Over an hour and several celebrities later (Ellen had her pic taken with Mark Hamill and got a great shot of Hulk Hogan’s back) we were summoned to a raised circle where she would be presented with her award. After holding it for a ninety second chat with a couple of attractive young people who presented it to her she had to present it back (not on camera). Her actual statuette would be engraved with her name and shipped to her at a later date. The award was just a prop that was used over and over to each person who won.
But we could finally go inside! We made our way into the cavernous sound stage that was already rockin’. In the techno-rock din and chaos our seats were not to be found. We figured, since Ellen had won best actress they’d want her pretty close to the front. Nope. Not even the middle. Friendly but hurried ushers guided us up to the bleachers in the back to sit and wonder how Ellen was going to make it back down to the stage. We told people that she was a nominee. They
replied that they had a plan if she won (we still weren’t supposed to tell anyone). So we sat and ate some very unfortunate food and avoided drinking Jim Beam and Dr. Pepper in plastic cups (no kidding) while we watched what everyone at home watched: a two hour commercial for future video games with only the briefest and rarest interruptions to present an award. I believe only three awards were actually presented during the show. Even though Portal 2 won best PC game, best Multi-player, best performance by a human male, best performance by a human female and best Downloadable Content, a total of five awards, no one from Valve ever took the stage. No acceptance speeches, nothing but a five second clip in which all the awards Portal 2 had won were listed.

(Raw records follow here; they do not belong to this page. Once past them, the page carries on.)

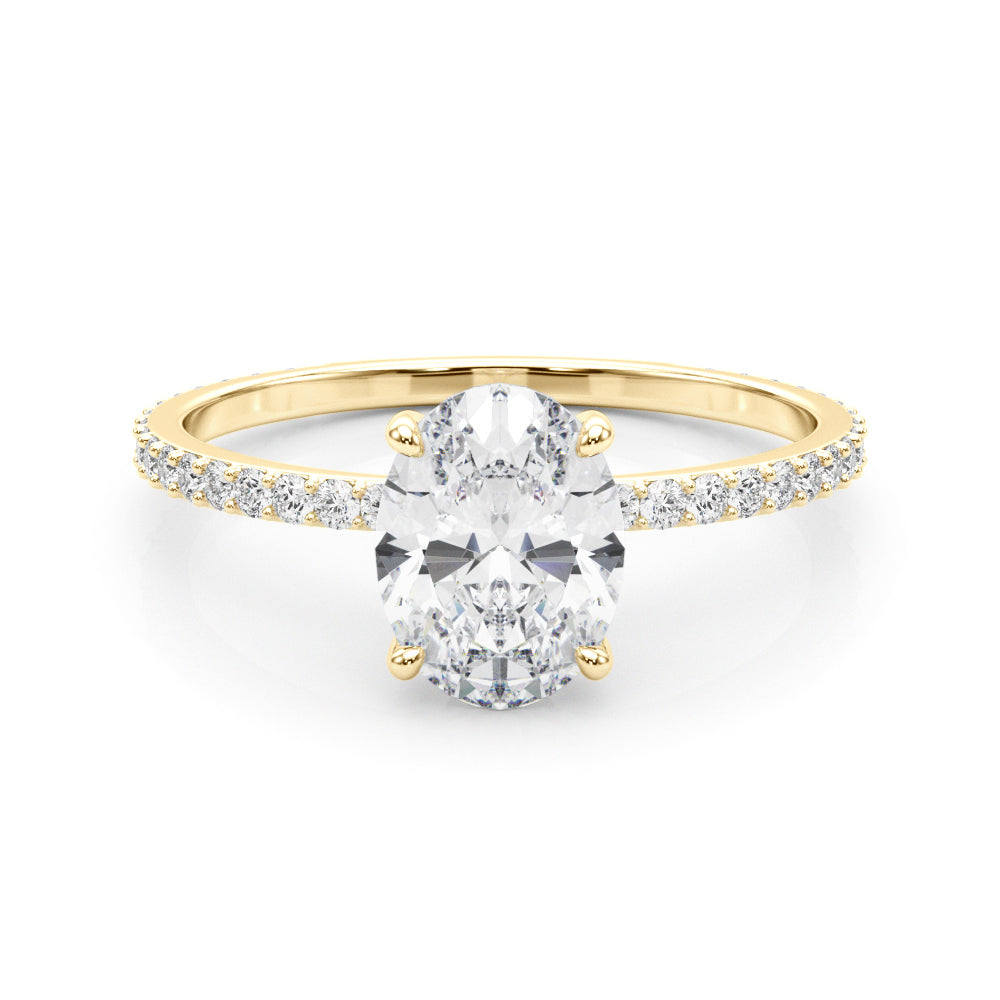LUMEO Oval Hidden Halo Diamond Engagement Ring Set in 18k Solid Yellow Gold 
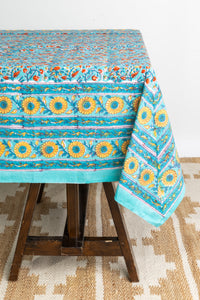 Bohemian block print tapestry in Mediterranean Oasis
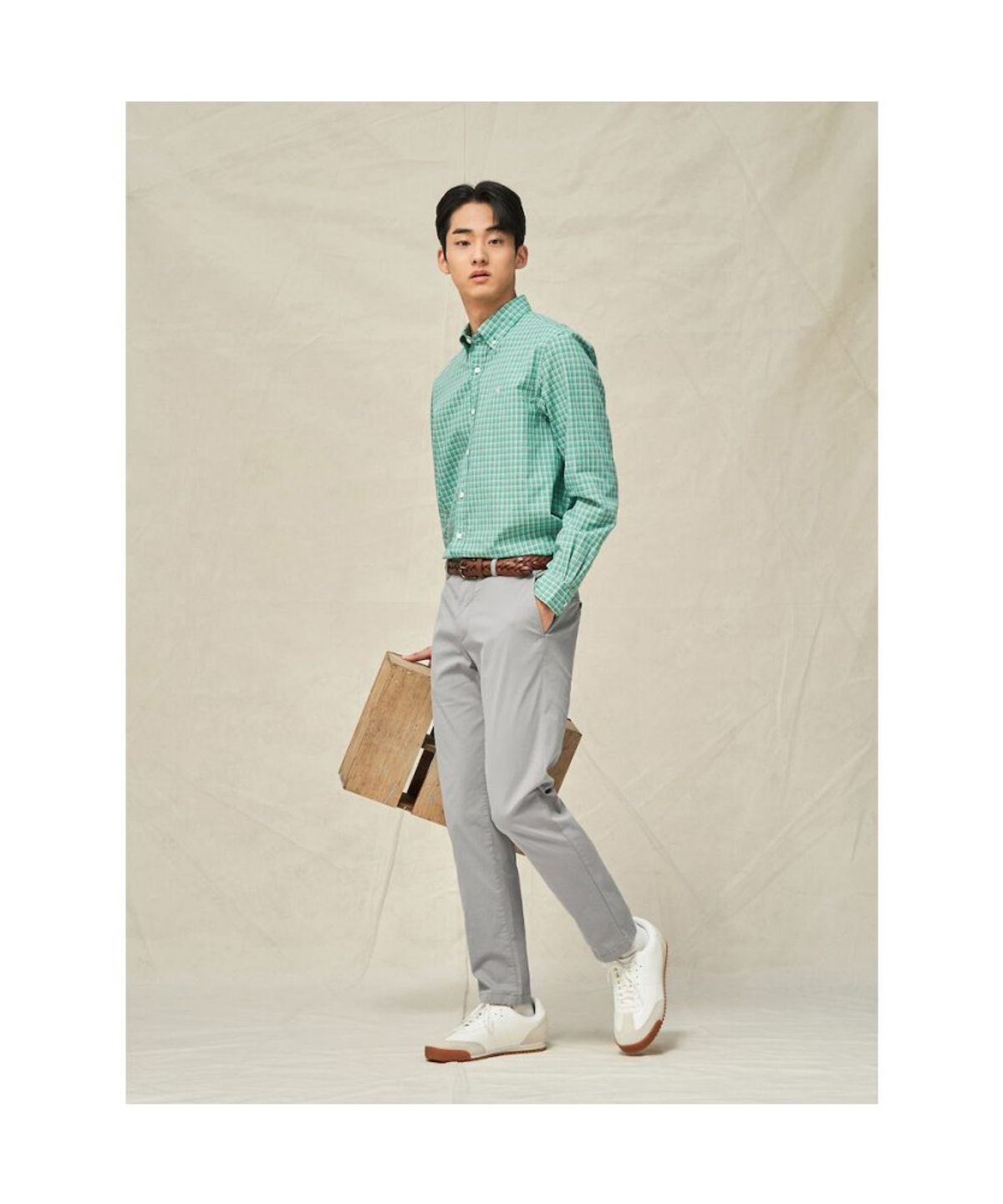 빈폴 멘(BEANPOLE MEN) 그리드 스몰 체크 셔츠  그린 (BC5364C33M)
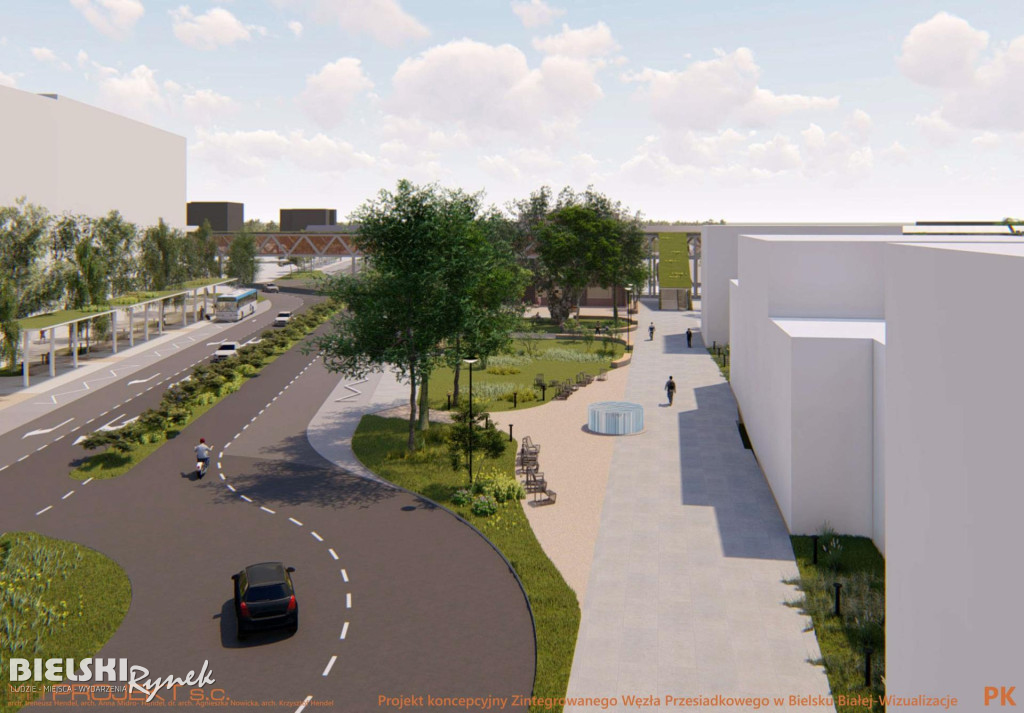 Wizualizacja centrum przesiadkowego w Bielsku-Białej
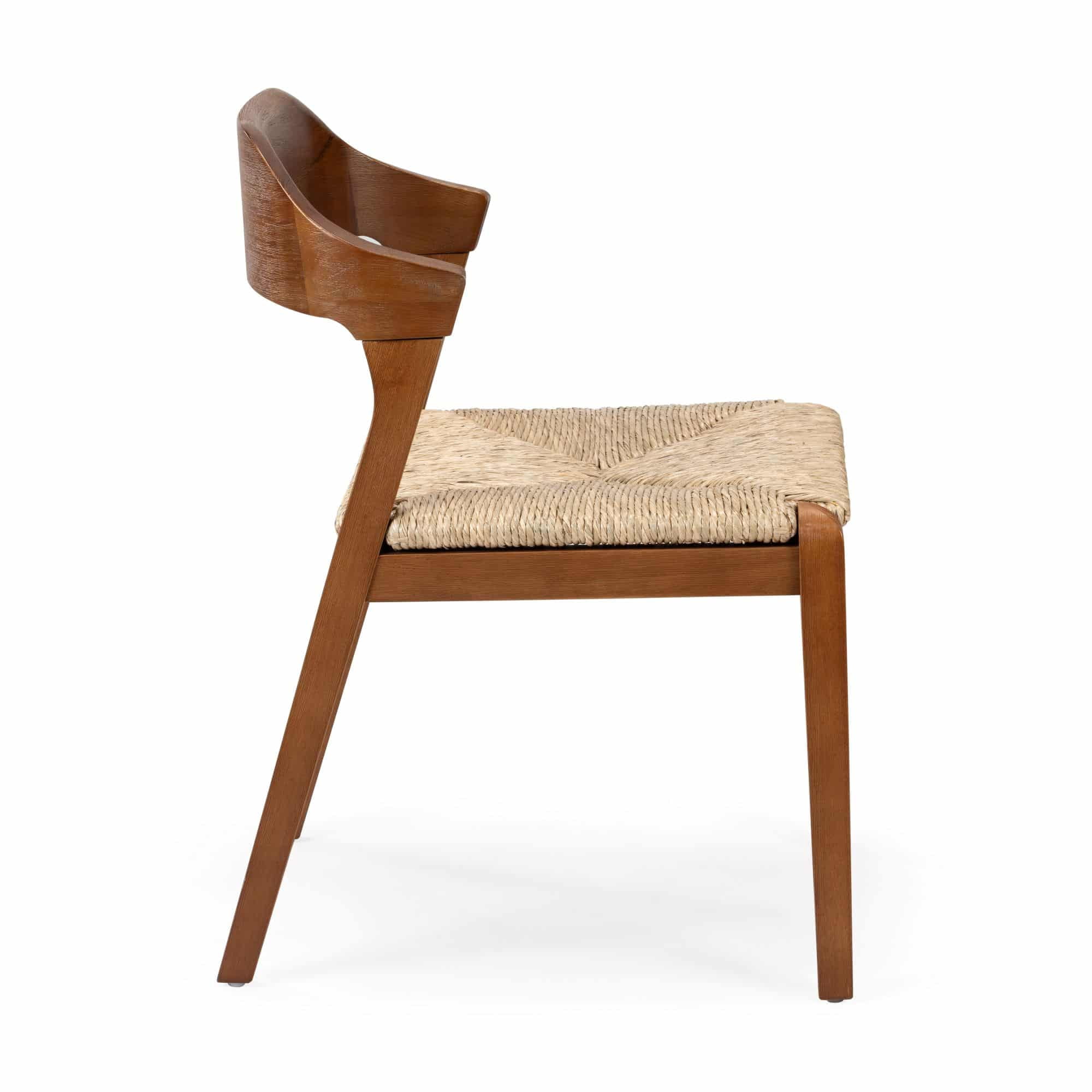 Rasmus Dining Rush Side Chair - Chestnut Wire-Brush Finish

But don’t get me wrong, we had a great time. We truly did. It was very entertaining in a sort of apocalyptic-end times-we-don’t-know-what-to-do-but-we’re-gonna-do-it-loud-and-frenetic kind of way. It was a wonderful, exciting, and absolutely weird experience and I’m so thankful that Ellen and I got to go. To spend time with our friends at Valve and peer into the heart of Hollywood and the bowels of the entertainment industry was thrilling, unique and unforgettable. We’re so glad to be back home.